I read with great interest and some pleasure your recent article entitled "A Stroll down a Short Street." Your cluster of texts by Atwood, Bowering, Lane, Crozier, and Musgrave is very effective, and your point, emphasized by the quotation from Hopkins, is well stated. There is very little to distinguish these texts one from the other, or indeed in any way at all. sad, since all these writers are "distinguished" presumably, winners of awards, beneficiaries of grants, etc.
The larger cluster at the end of your piece, the group of poets who provide "satisfaction," who presumably speak with more individuality, is instructive. I can't claim to have read them all¨I am a visual artist and neither poet nor critic¨but I have read enough of them to applaud your judgements.
It occurs to me, however, that there are some omissions from this latter list. Most particularly I wonder why Daryl Hine isn't there. Surely his "poetical voice" is one of the most distinctive in Canadian letters. No one sounds like him; no one has his particular skills. He has been widely published, not only in Canada but in the UK and the US. He is a translator of great ability, especially from Classical languages, Latin and Greek, but also from French.
And where is he? Does it matter? Should it? He is a Canadian, born here and educated here, and still carries a Canadian passport. he doesn't frequent Can Lit conferences, nor does he teach in Canadian schools. he has lived in many places in Europe and North America and he doesn't spend much time in Canada. When he does return, it is to visit friends or family. He isn't on any circuit but his own. But he is a poet and a very effective poet at that.
And of course he is a man of a certain age. However that may be, he still writes, and still writes with the voice of a true poet.

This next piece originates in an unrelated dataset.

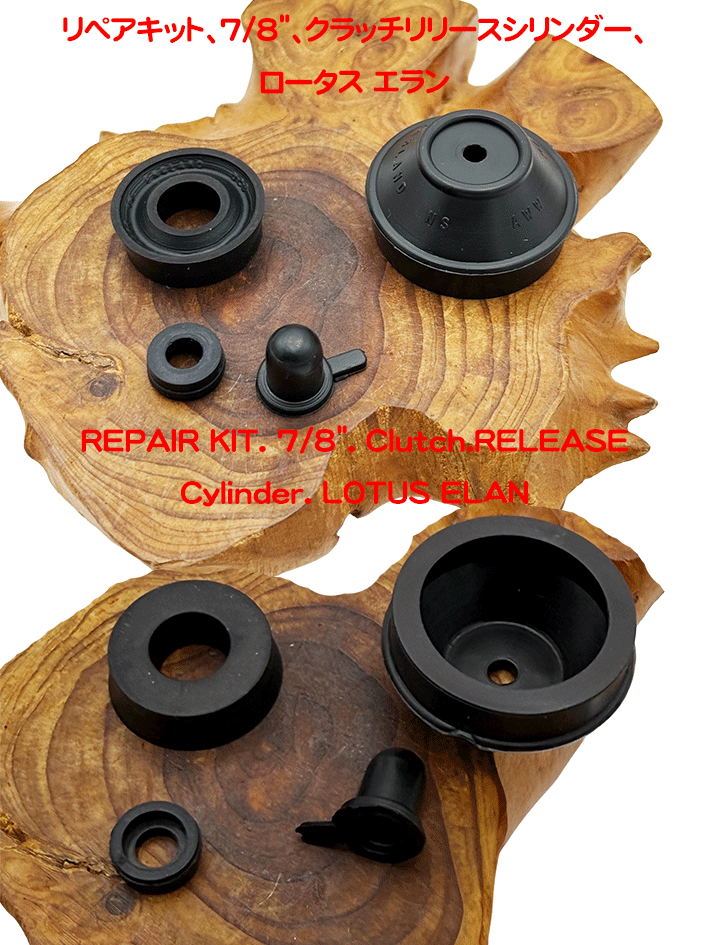リペアキット、7/8"、クラッチリリースシリンダー、ロータス エランの画像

As a Guernica Writers Series editor, I was delighted with the attention paid by BiC reviewer Robert Moore to a number of recent titles in the series. I would like, however, to bring a few points of clarification to criticisms Moore levels against several volumes in the series, in particular the collection of essays on Aritha van Herk edited by Christl Verduyn. Moore questions Verduyn's choice of original essays over the many possibilities of previously published essays presented by "thirteen pages of secondary sources" (Verduyn's bibliography is indeed impressively thorough). He is especially unhappy with essays by Robert Budde and Robert Kroetsch, whose value as academic criticism he queries.

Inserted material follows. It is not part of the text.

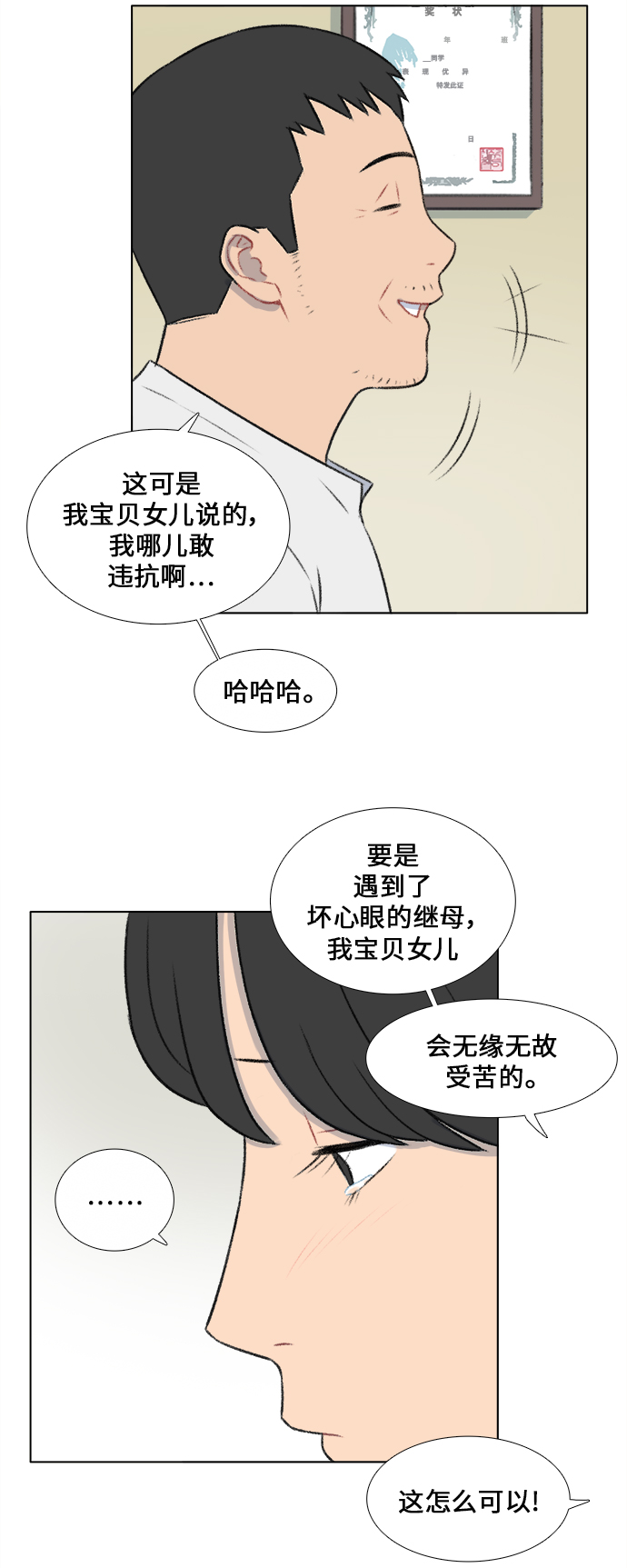 第16话21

Guernica invited guest editors to collect new or already published work, suggesting five to seven essays to meet the original series limit of 120 pages. As Moore notes, series volumes present considerable variety within this common format. Guernica was very pleased with Verduyn's decision to produce original essays by established and new critics alike, representing gender balance as well as national and international perspectives. These and other elements of Verduyn's book, including her own contributions to it (critical essay, introduction, and author interview) place it firmly among the very successful volumes of Guernica's Writers Series.

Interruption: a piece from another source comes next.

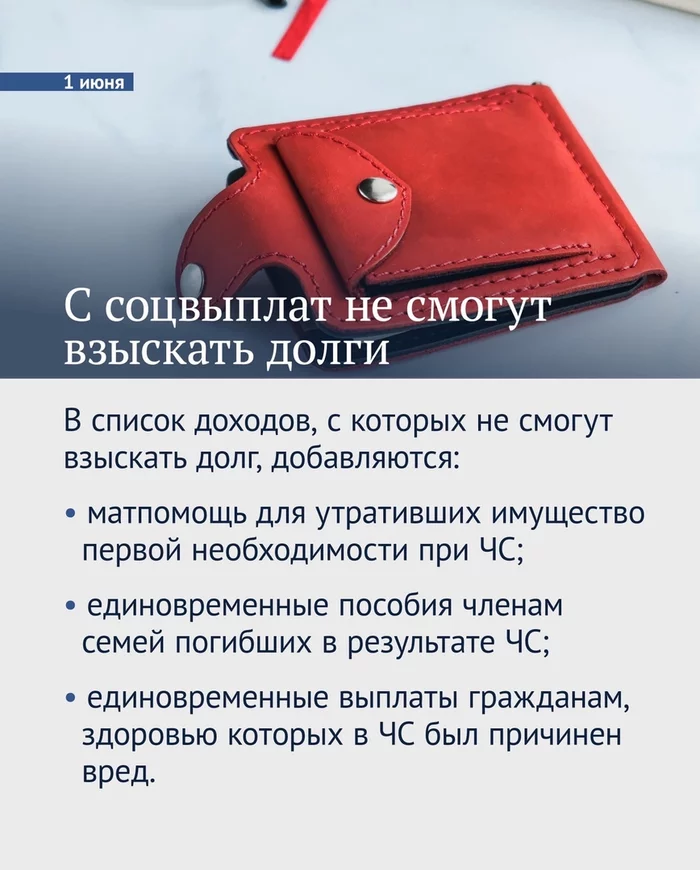 Законы, вступающие в силу в июне Закон, Россия, Новости, Длиннопост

The editor of each volume is free to select the essays, and often in consultation with the author who is the subject of the volume. Thus the late Louis Dudek was able to participate in his volume. One of our aims was to make each volume interesting to read, and not just an academic tool. Each volume reflects the particular relationships of the editor and contributors to their author. The volumes of adele Wiseman, Alistair MacLeod, and Sharon Pollock illustrate these special relationships.